Recombinant Human Olfactory receptor 51B4 (OR51B4)

What is the structural classification and membrane topology of OR51B4?

OR51B4 belongs to the olfactory receptor family, which is the largest subfamily of G-protein-coupled receptors (GPCRs). Like other olfactory receptors, OR51B4 exhibits the characteristic 7-transmembrane domain structure shared with many neurotransmitter and hormone receptors .

The protein features:

• Seven hydrophobic transmembrane α-helical domains that span the cell membrane

• An extracellular N-terminus

• An intracellular C-terminus that interacts with G proteins

• Three extracellular loops and three intracellular loops

• A binding pocket for odorant molecules formed by the transmembrane domains

OR51B4 is part of Class II (tetrapod-specific) olfactory receptors, distinguishing it from Class I (fish-like) receptors. This classification is based on phylogenetic analysis and sequence homology . The receptor's structure enables it to recognize specific odorant molecules and trigger signal transduction cascades involved in smell perception.

How should recombinant OR51B4 be handled and stored in laboratory settings?

For optimal stability and activity of recombinant OR51B4 protein:

Storage conditions:

• Store at -20°C for regular use

• For extended storage, conserve at -20°C or -80°C

• Avoid repeated freezing and thawing cycles as this significantly reduces protein activity

• Working aliquots can be stored at 4°C for up to one week

Shelf life considerations:

• Liquid form: approximately 6 months at -20°C/-80°C

• Lyophilized form: approximately 12 months at -20°C/-80°C

• Shelf life depends on multiple factors including buffer ingredients, storage temperature, and the intrinsic stability of the protein itself

When working with recombinant OR51B4, it's advisable to:

• Divide the stock into small working aliquots to minimize freeze-thaw cycles

• Use appropriate detergents or lipid environments for functional studies, as this is a transmembrane protein

• Follow recommended buffer conditions for your specific application

In which tissues is OR51B4 expressed beyond the olfactory epithelium?

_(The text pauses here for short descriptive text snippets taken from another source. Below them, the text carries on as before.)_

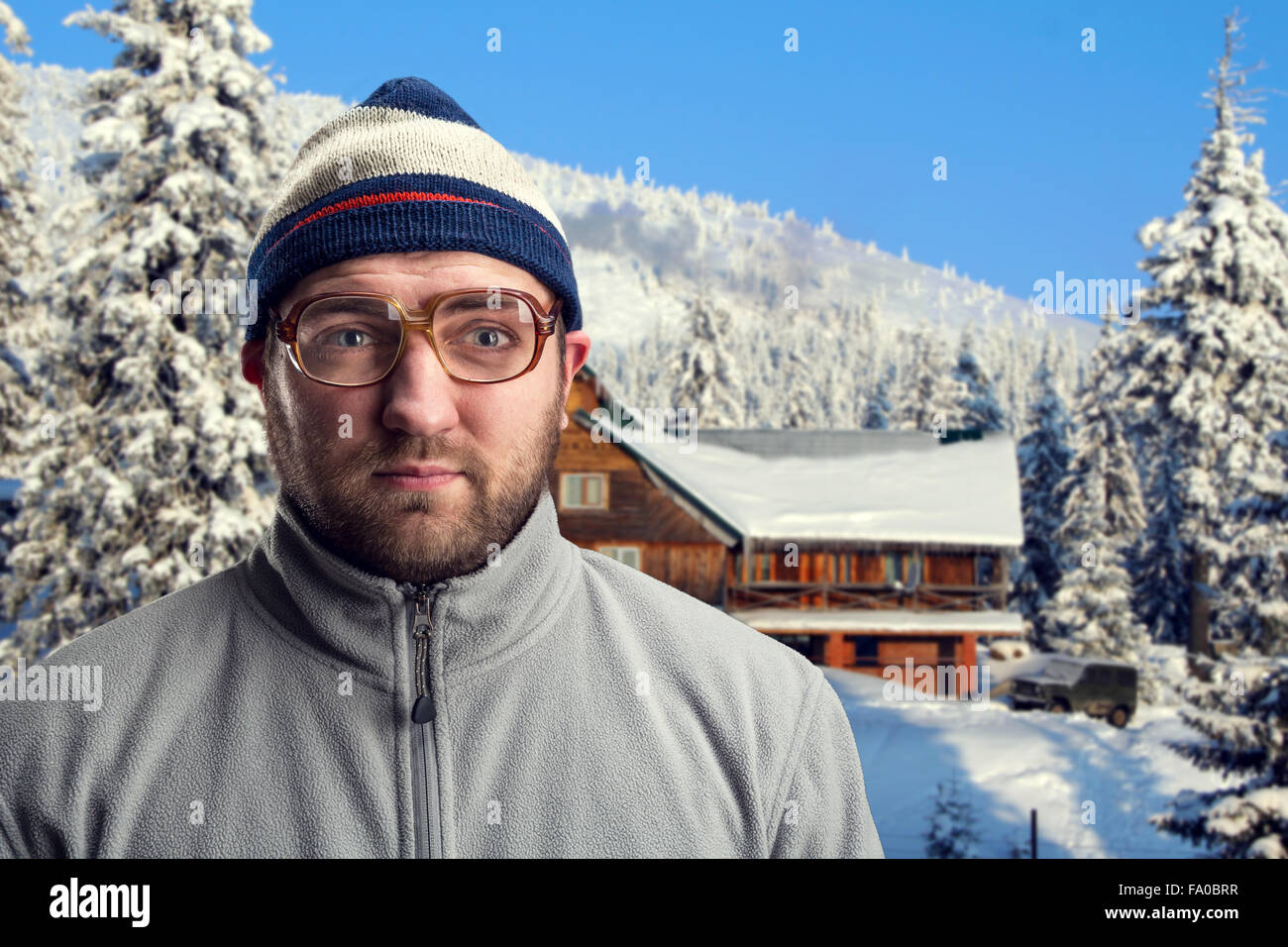 Uomo in montagne invernali Foto Stock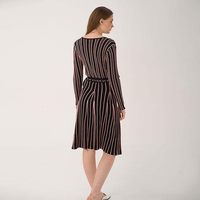 Maßgeschneidertes Modisches Büro-Damenkleid in Übergröße mit Gürtel, Gestreift, V-Ausschnitt, Gestricktes Pulloverkleid, Sexy Club-Bodycon-Kleid mit Gürtel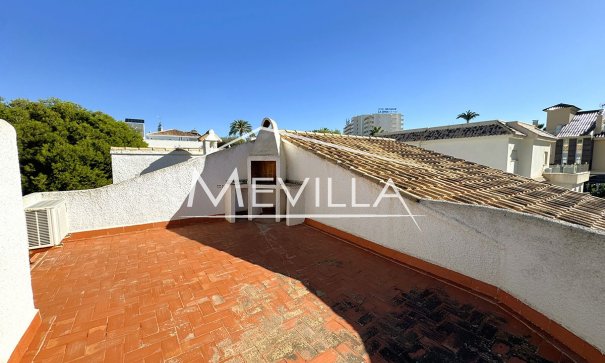 Reventas - Chalet / Villa - Orihuela Costa - La Zenia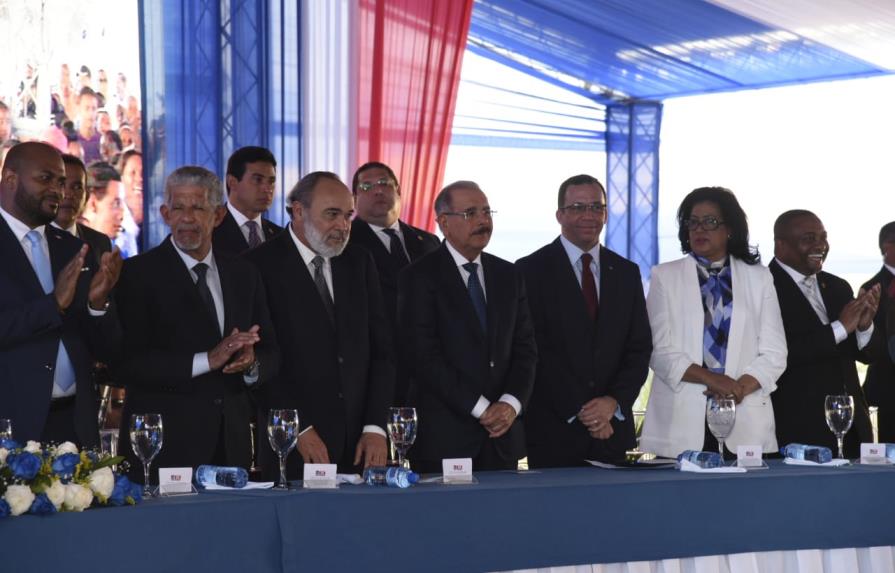 Presidente Medina entrega centro educativo Marañón I en Santo Domingo Norte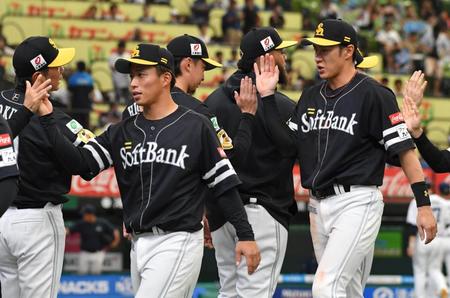 　ハイタッチを交わす柳田悠岐（右）＝撮影・持木克友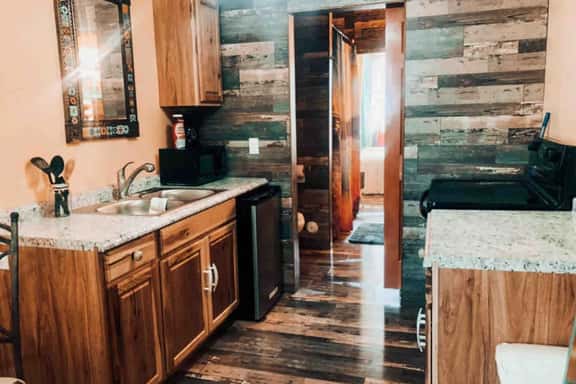 Yellowstone Tiny house- Valley Village - Image 1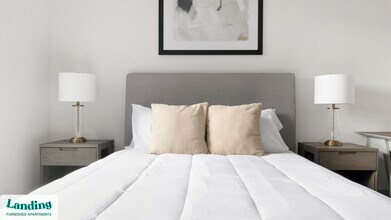 930 Howell Mill Rd NW, Unit 1126 in Atlanta, GA - Foto de edificio - Building Photo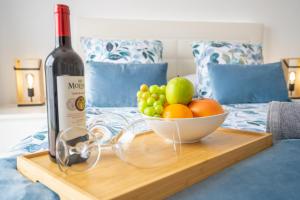 Nápoje v ubytování Ocean Vibes with sea view and private heated pool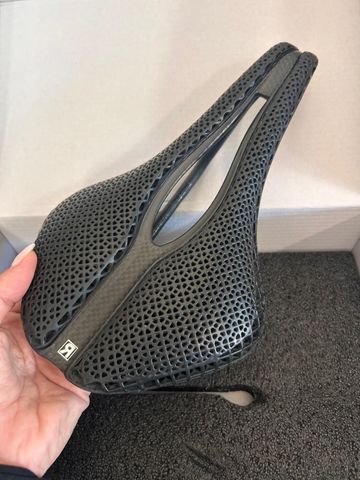 Brugt rule 3D Carbon Saddle 2025 bike — billede 6 af 12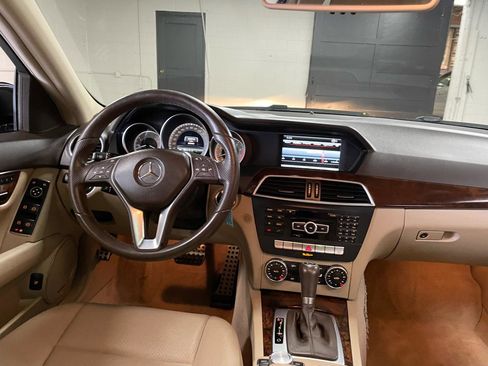 Used 2013 Mercedes-Benz C 300 4MATIC Sedan image 20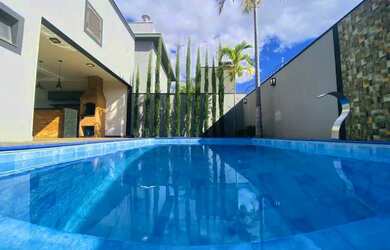 Imagem: A casa em condomínio possui 3 Dormitórios, 3 Banheiros, 2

Research has demonstrated that OR51B4 expression extends beyond the nasal epithelium, exhibiting ectopic expression in multiple tissues. This reflects the emerging understanding that olfactory receptors have diverse physiological functions throughout the body.

Tissue expression profile of OR51B4:

The ectopic expression of OR51B4 suggests that this receptor may have physiological roles beyond olfaction. Single-cell transcriptomic analyses have revealed complex patterns of combinatorial OR expression across different tissues, with notable variation in expression intensity . This widespread distribution indicates potentially diverse functions in non-olfactory contexts.

What signaling mechanisms does OR51B4 utilize in different cellular contexts?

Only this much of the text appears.